Kepala Kejari Kabupaten Bogor, Denny, mengungkapkan bahwa pihaknya telah memanggil sejumlah pejabat di lingkungan Pemerintah Kabupaten Bogor untuk dimintai keterangan terkait dugaan penyimpangan dalam pembangunan fasilitas kesehatan yang juga dikenal sebagai Klinik Pratama Rawat Inap Parung di Kelurahan Cogreg, Kecamatan Parung.
“Terkait kasus korupsi RSUD Parung, kemarin kita panggil beberapa orang,” ujar Denny kepada wartawan saat ditemui pada Jumat, 6 Maret 2026.
Ia menjelaskan, pembentukan tim baru dilakukan setelah tim sebelumnya menyelesaikan tahap awal penyelidikan. Dengan tim penyidik yang baru, proses pendalaman perkara diharapkan dapat berjalan lebih maksimal.

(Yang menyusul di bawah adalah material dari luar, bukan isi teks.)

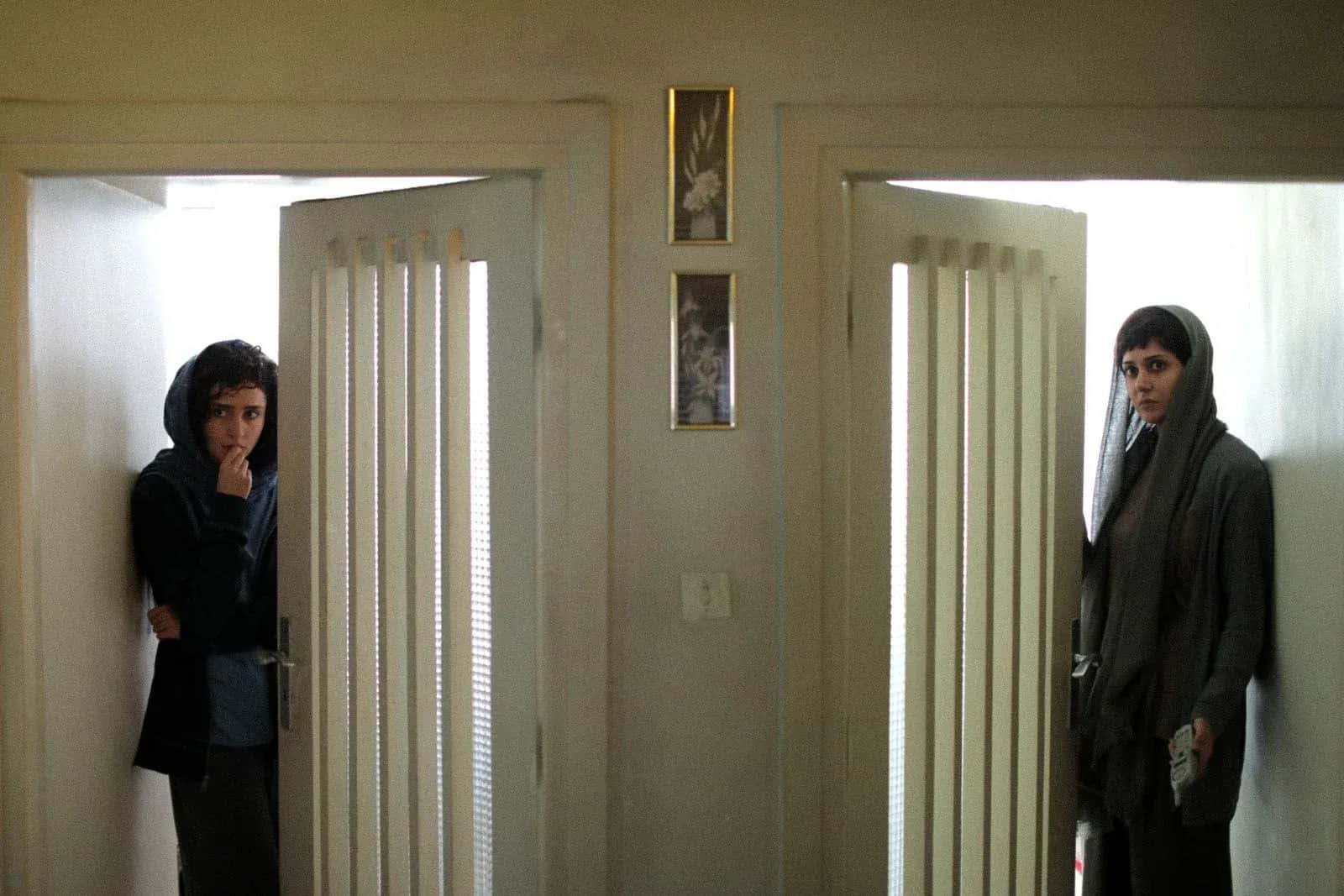 Deux femmes voilées se tiennent dans l’embrasure de deux portes ouvertes, de part et d’autre d’un couloir.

“Kita sudah membuka surat penyidikan baru. Karena waktu itu tim yang lama, jadi saya buka tim yang baru. Kemudian sudah ada beberapa panitia pengadaannya yang kita panggil, kemungkinan akan berlanjut pemanggilannya,” jelasnya.
Dalam proses penyelidikan ini, penyidik tidak hanya memeriksa kondisi fisik bangunan proyek, tetapi juga menelusuri rangkaian proses sejak tahap perencanaan anggaran hingga mekanisme pengadaan barang dan jasa.
Langkah tersebut dilakukan untuk memastikan apakah terdapat unsur tindak pidana korupsi dalam proyek pembangunan yang menggunakan anggaran negara tersebut.
Sebelumnya, perkara ini juga sempat disorot setelah Komisi Pengawas Persaingan Usaha (KPPU) memutus adanya persekongkolan dalam proses tender pembangunan RSUD Parung pada Tahun Anggaran 2021.
Dalam Sidang Putusan Perkara Nomor 03/KPPU-L/2025 yang digelar pada 26 Januari 2026, Majelis Komisi menjatuhkan sanksi denda total sebesar Rp3 miliar kepada sejumlah pihak yang terlibat.